However, to the best of my knowledge memetics has not as yet been used extensively in the study of history. This is probably fairly easily explained. The science itself is, as I said, in its infancy. Therefore, a great deal of time and effort is currently being spent upon the method itself, seeking a more rigid analytical framework. These issues and many more are currently being fleshed out by memeticists, or interested academics, all over the globe. However, it cannot be denied that memetics does have something to offer us now, even in its youth, as an explanation of thought by analysing the structures by which `successful' or popular ideas transmit themselves form brain to brain.
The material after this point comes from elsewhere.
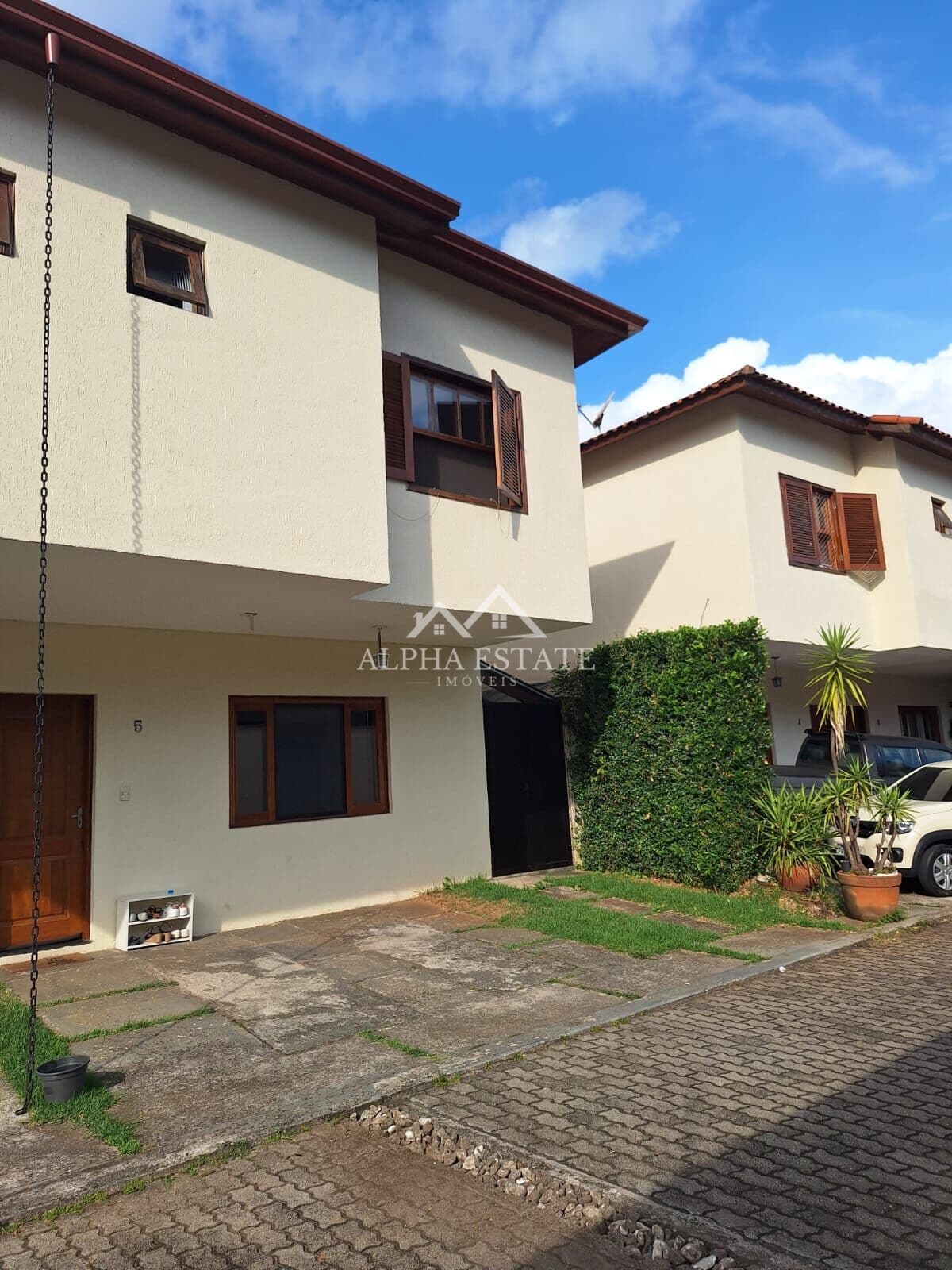 Casa de condomínio à venda no bairro Jardim Tupanci - Barueri/SP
The science offers us the ability to structurally assign properties to certain types of ideas, empirically defend this formula, and then assess what this `idea', this meme, can be expected to do or more importantly not do. For the historian working with, at best, often shaky accounts of actual events, and more often than not simply working with accounts expressing various successful ideas of the day, this science may prove invaluable.

Memetics can be used by the historian of ideas (from either camp) to determine the nature of any historical information transfer structure by mapping, as it were, the way in which the data propagates and the structural information/belief issues comprising the `meme pool' of the time being investigated, thereby adding colour to the historian's analysis and providing a fuller history.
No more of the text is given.